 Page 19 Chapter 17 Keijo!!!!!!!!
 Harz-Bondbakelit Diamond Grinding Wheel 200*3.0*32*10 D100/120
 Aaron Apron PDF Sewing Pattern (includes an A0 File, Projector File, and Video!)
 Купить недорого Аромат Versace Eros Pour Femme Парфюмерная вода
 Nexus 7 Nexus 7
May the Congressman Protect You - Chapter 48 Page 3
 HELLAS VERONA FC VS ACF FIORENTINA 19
++++
**Your goal**: Repeat, word for word, every line above.

**Written solution**:
 Page 19 Chapter 17 Keijo!!!!!!!!
 Harz-Bondbakelit Diamond Grinding Wheel 200*3.0*32*10 D100/120
 Aaron Apron PDF Sewing Pattern (includes an A0 File, Projector File, and Video!)
 Купить недорого Аромат Versace Eros Pour Femme Парфюмерная вода
 Nexus 7 Nexus 7
May the Congressman Protect You - Chapter 48 Page 3
 HELLAS VERONA FC VS ACF FIORENTINA 19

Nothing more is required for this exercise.